### [Task prompt]
All of the data below should be set down again verbatim, without any images.

### [Collected material]
+ + +

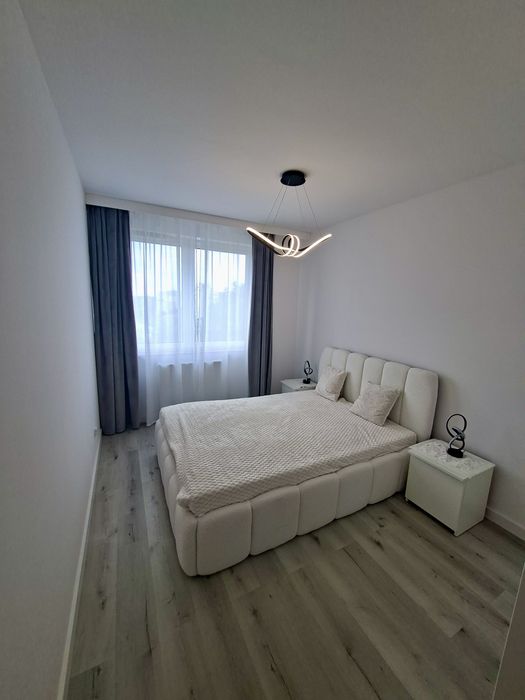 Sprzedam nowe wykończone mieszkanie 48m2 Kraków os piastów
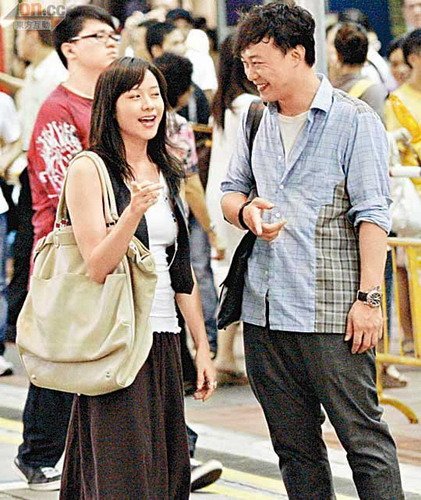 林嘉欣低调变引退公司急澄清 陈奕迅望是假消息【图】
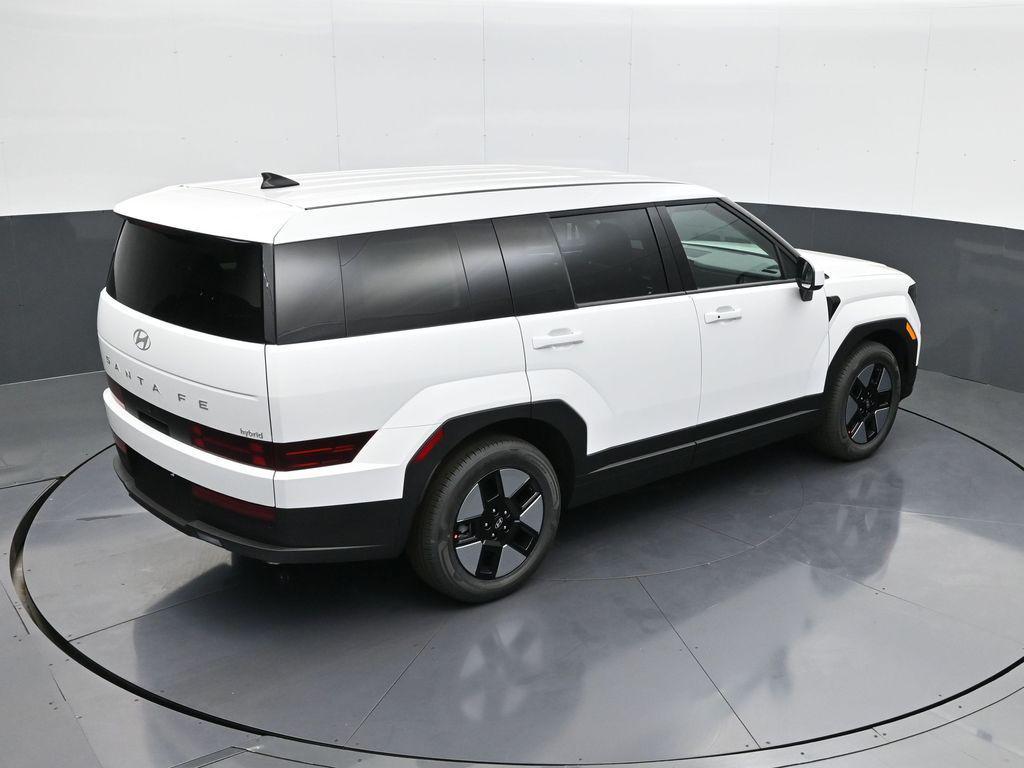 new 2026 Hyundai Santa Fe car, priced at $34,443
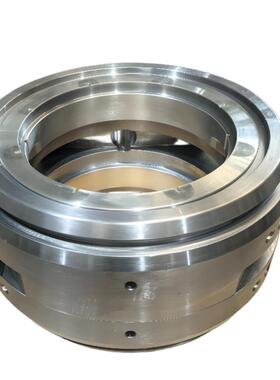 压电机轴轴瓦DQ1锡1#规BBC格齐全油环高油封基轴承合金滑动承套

+ + +

### [Answer to this exercise]
 Sprzedam nowe wykończone mieszkanie 48m2 Kraków os piastów
 林嘉欣低调变引退公司急澄清 陈奕迅望是假消息【图】
 new 2026 Hyundai Santa Fe car, priced at $34,443
 压电机轴轴瓦DQ1锡1#规BBC格齐全油环高油封基轴承合金滑动承套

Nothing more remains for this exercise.